The result should be an exact copy of the data, free of pictures.
*** Supplied entries ***
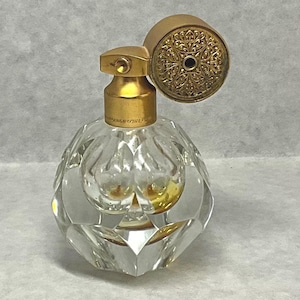 May include: A clear glass perfume bottle with a faceted, diamond-like base and a gold-toned neck. The bottle features a round, gold-toned cap with an intricate, embossed floral pattern on its top surface, reflecting a classic and ornate design.
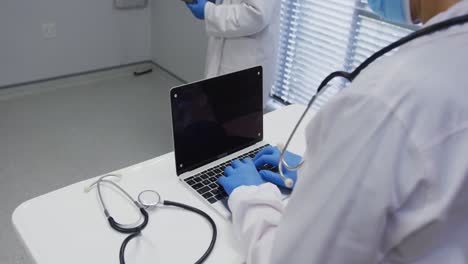 Midsection-of-doctor-wearing-face-mask-and-surgical-gloves-using-laptop,-copy-space-on-screen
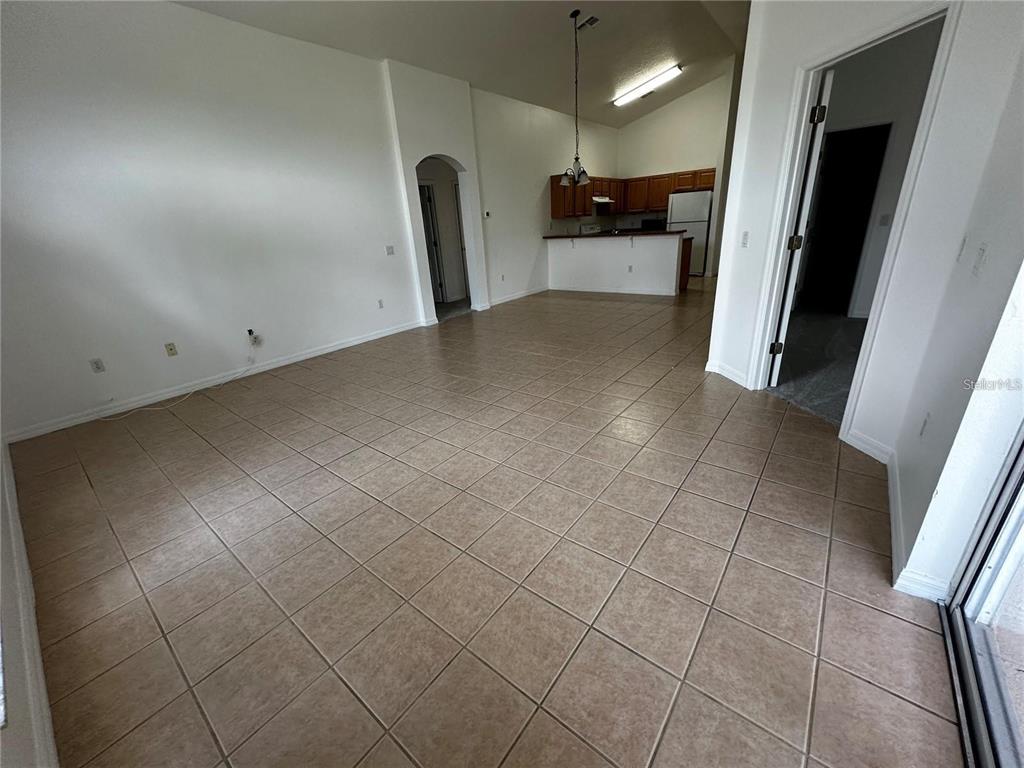 An open-concept living area features beige tile flooring, white walls, and an adjacent kitchen — 4795 CUMBRIAN LAKES DRIVE, KISSIMMEE, FL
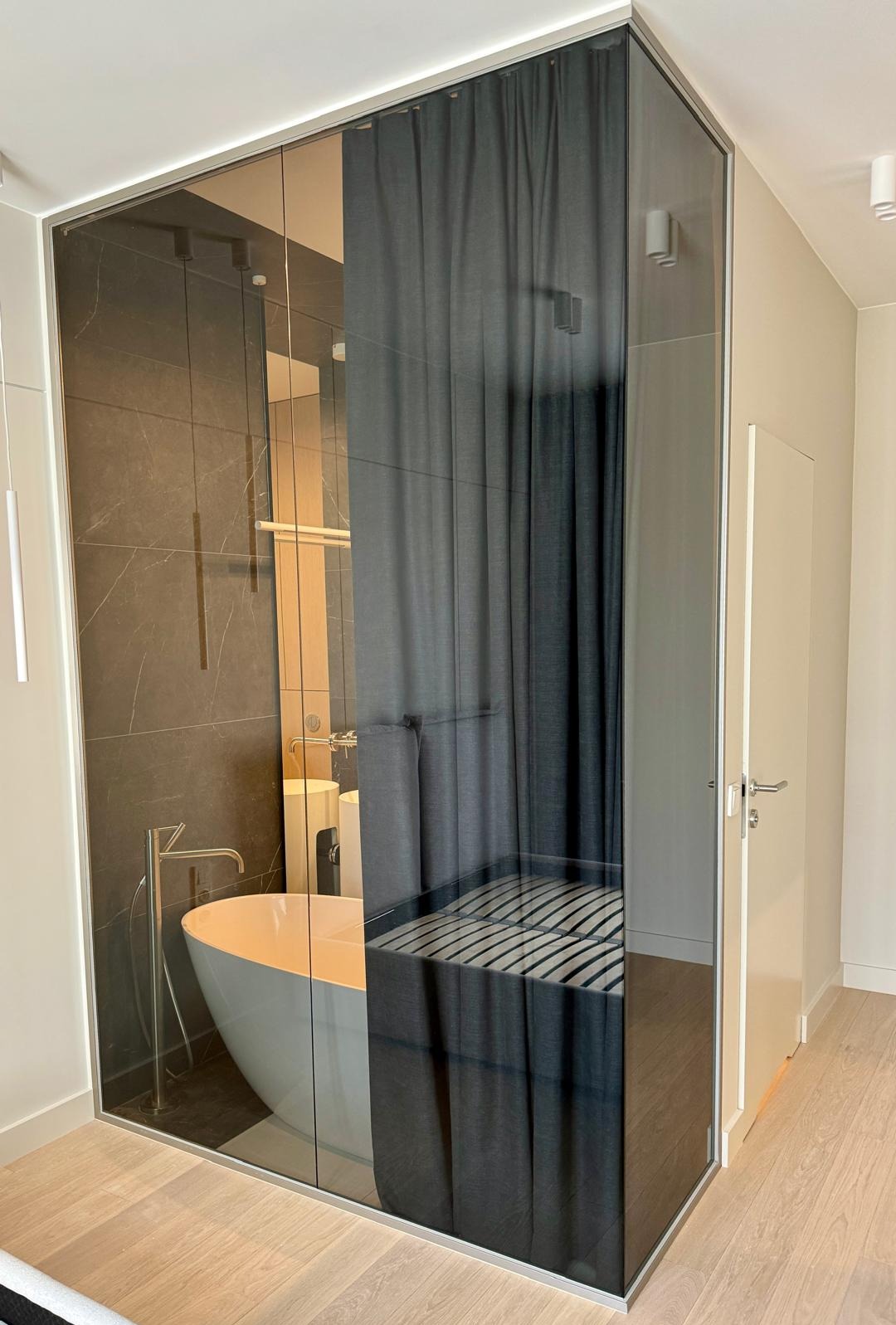 Szklana kabina prysznicowa typu walk-in z grafitowymi zasłonami, widoczna wanna wolnostojąca i armatura w tle, jasna drewniana podłoga.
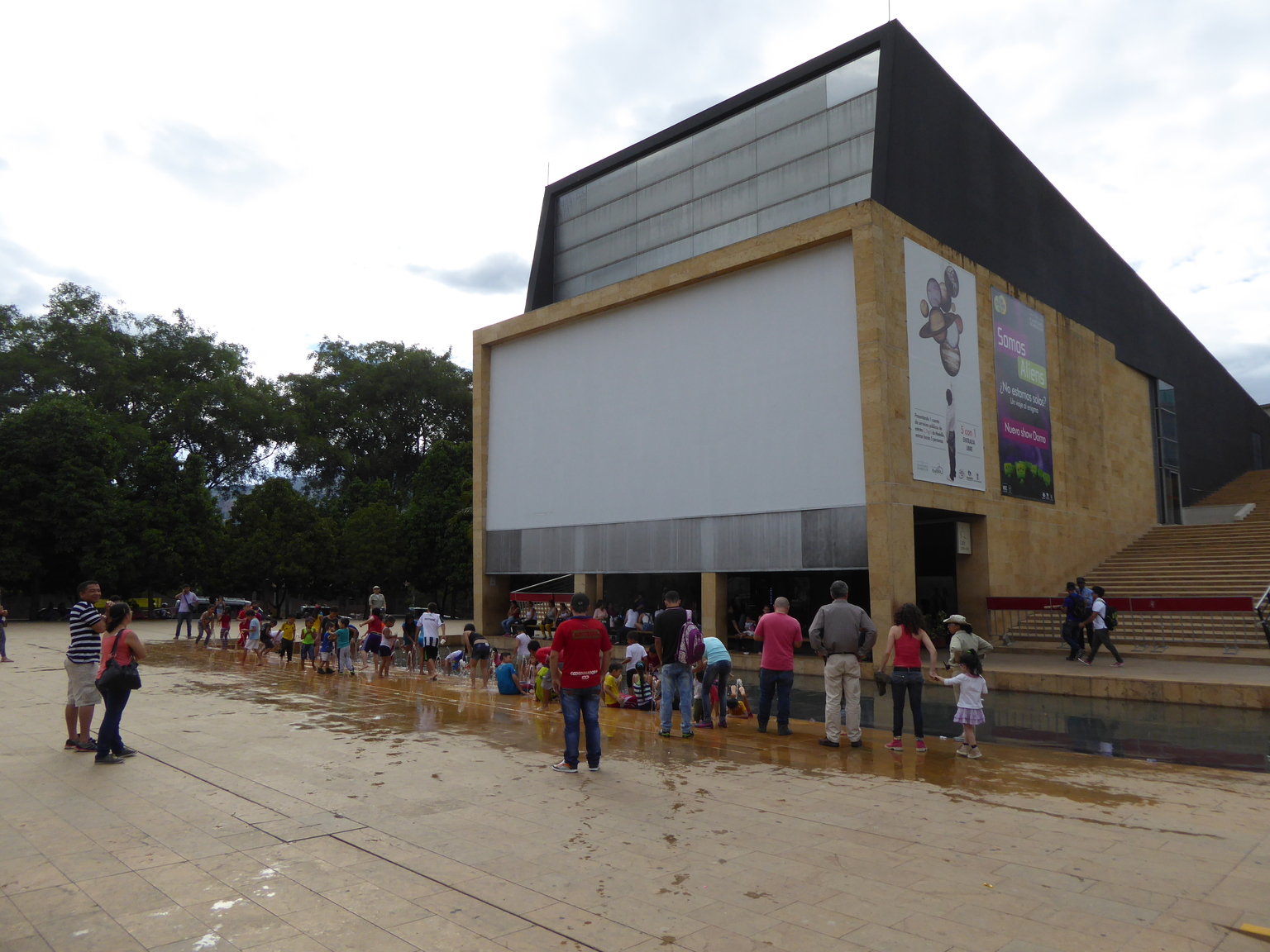 Kids playing in the fountains in front of the planetarium.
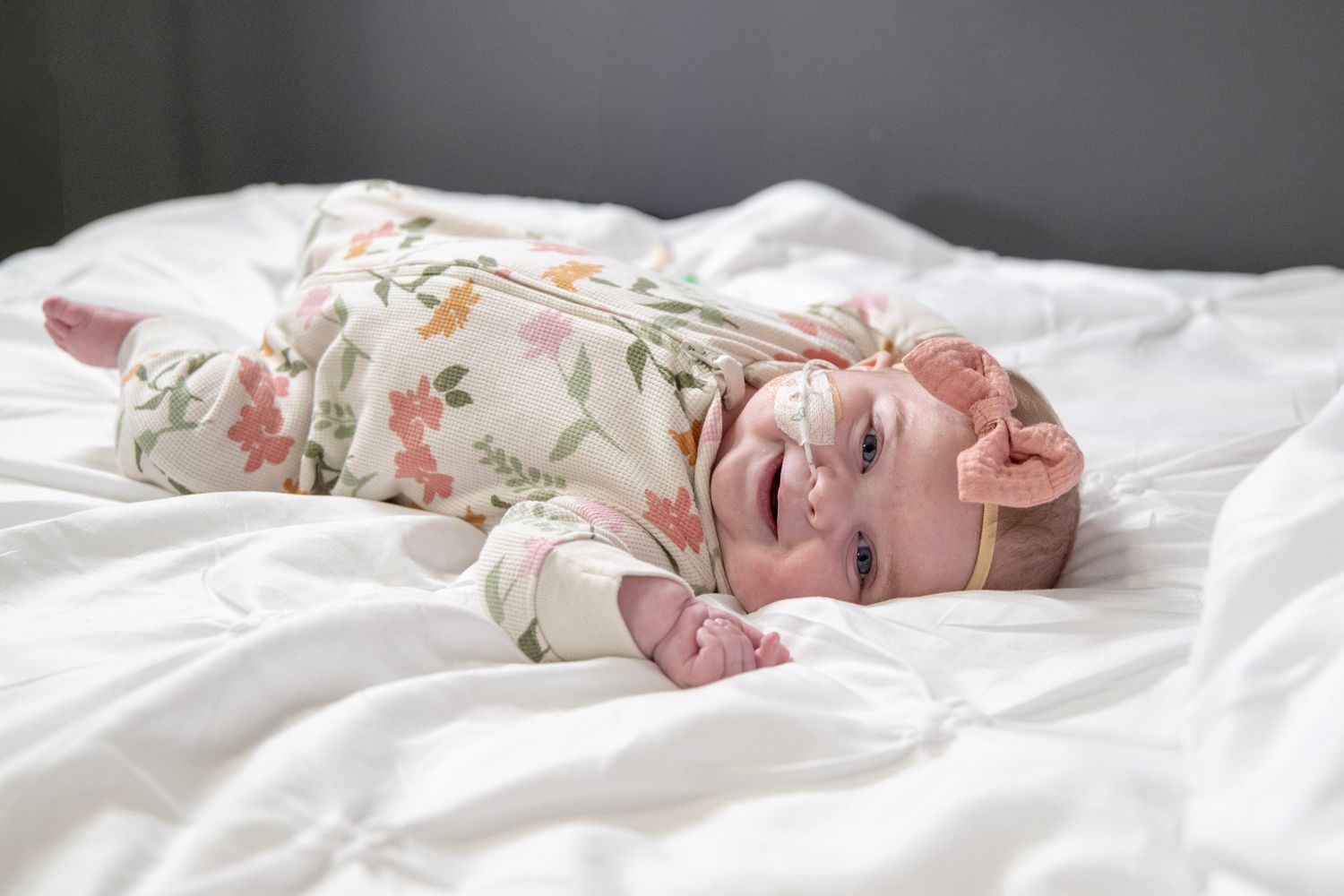 A newborn baby rests peacefully on white floral bedding in a lifestyle photography session.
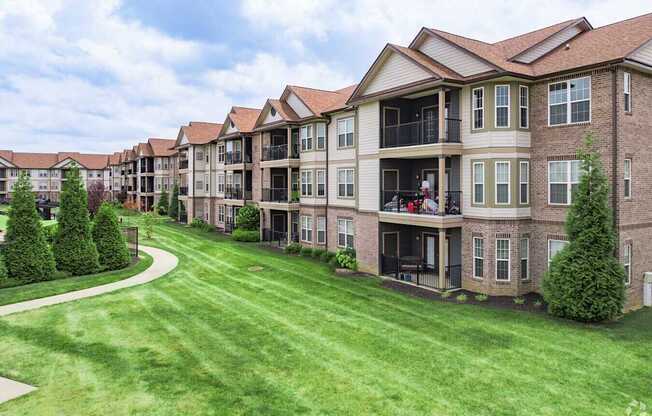 A row of houses with a green lawn in front.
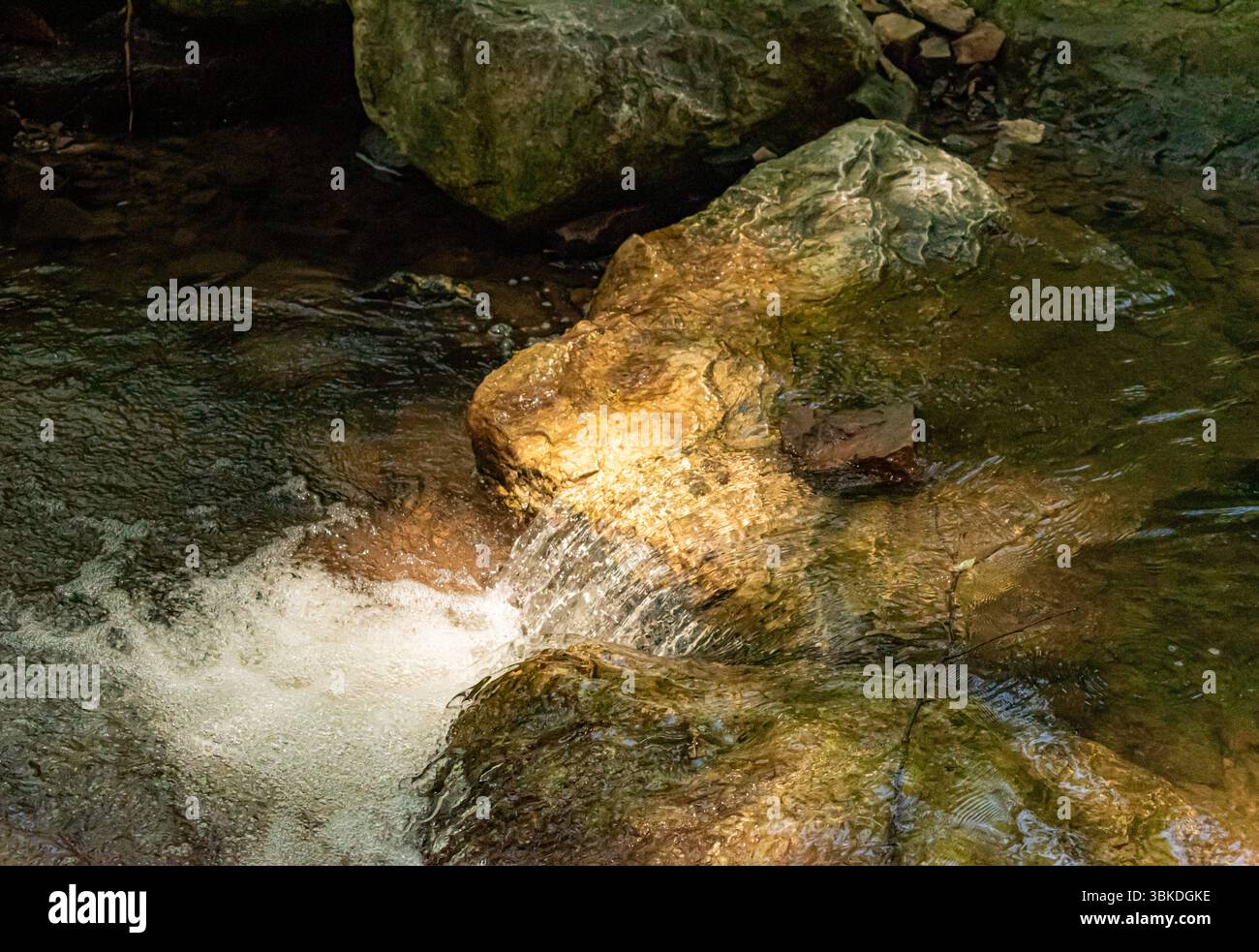 acqua tranquilla che scorre a valle sopra le rocce Foto Stock
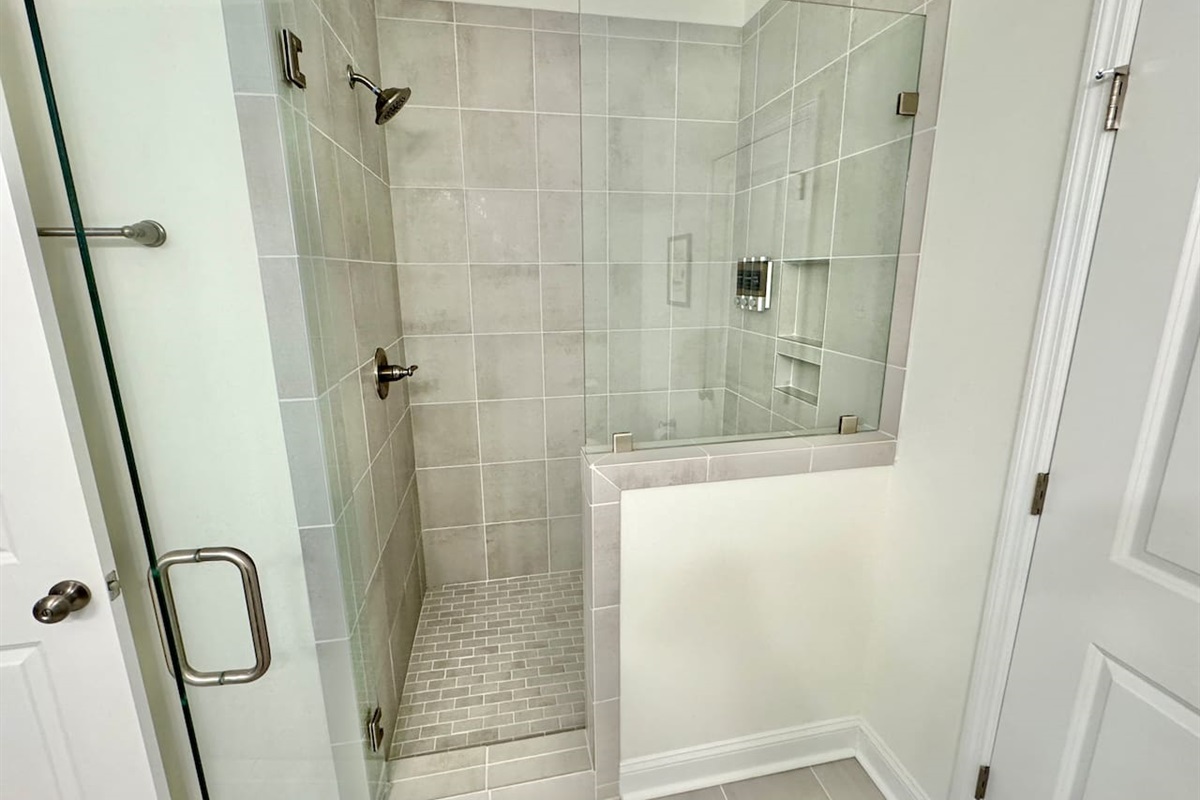 Master bathroom has a ceiling-to-floor tile shower with glass enclosure and 2 sinks.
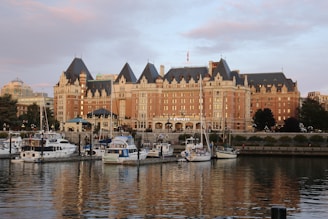 A grand, historic hotel with a distinct architectural style featuring steeply pitched roofs, multiple dormer windows, and ornate detailing. In front, a serene harbor bordered by trees and buildings hosts several yachts and boats gently floating on the water, reflecting the building's light.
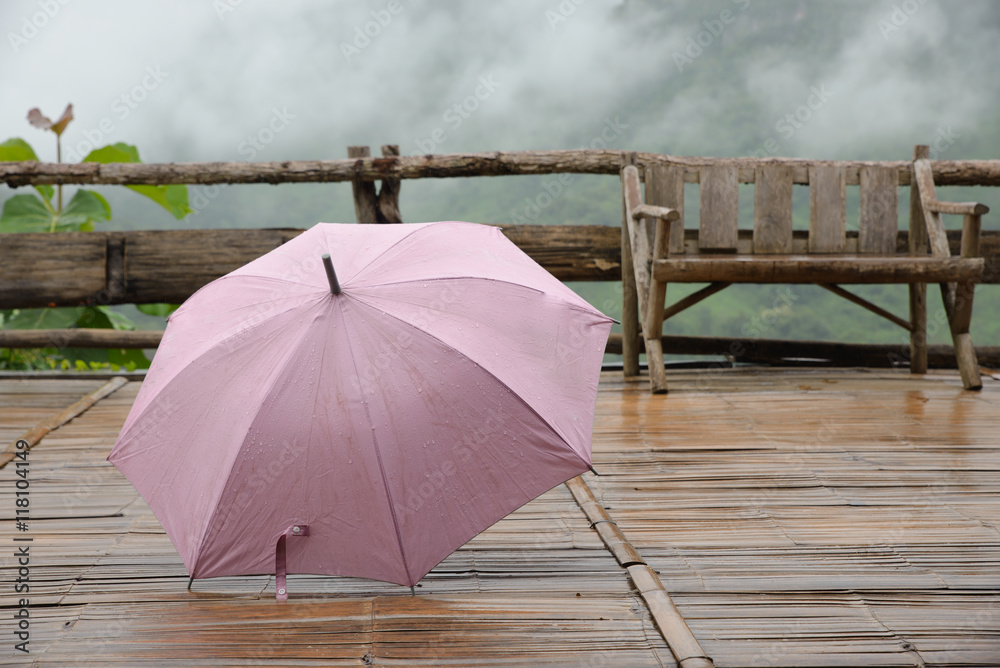 Pink umbrella on wet wood terrace,mountain and fog background,rainy day.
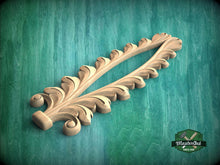 Load image into Gallery viewer, A decorative wooden carving with a leaf-like design is displayed against a green background.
***
#### [Result for this task]
 May include: A clear glass perfume bottle with a faceted, diamond-like base and a gold-toned neck. The bottle features a round, gold-toned cap with an intricate, embossed floral pattern on its top surface, reflecting a classic and ornate design.
 Midsection-of-doctor-wearing-face-mask-and-surgical-gloves-using-laptop,-copy-space-on-screen
 An open-concept living area features beige tile flooring, white walls, and an adjacent kitchen — 4795 CUMBRIAN LAKES DRIVE, KISSIMMEE, FL
 Szklana kabina prysznicowa typu walk-in z grafitowymi zasłonami, widoczna wanna wolnostojąca i armatura w tle, jasna drewniana podłoga.
 Kids playing in the fountains in front of the planetarium.
 A newborn baby rests peacefully on white floral bedding in a lifestyle photography session.
 A row of houses with a green lawn in front.
 acqua tranquilla che scorre a valle sopra le rocce Foto Stock
 Master bathroom has a ceiling-to-floor tile shower with glass enclosure and 2 sinks.
 A grand, historic hotel with a distinct architectural style featuring steeply pitched roofs, multiple dormer windows, and ornate detailing. In front, a serene harbor bordered by trees and buildings hosts several yachts and boats gently floating on the water, reflecting the building's light.
 Pink umbrella on wet wood terrace,mountain and fog background,rainy day.
 Load image into Gallery viewer, A decorative wooden carving with a leaf-like design is displayed against a green background.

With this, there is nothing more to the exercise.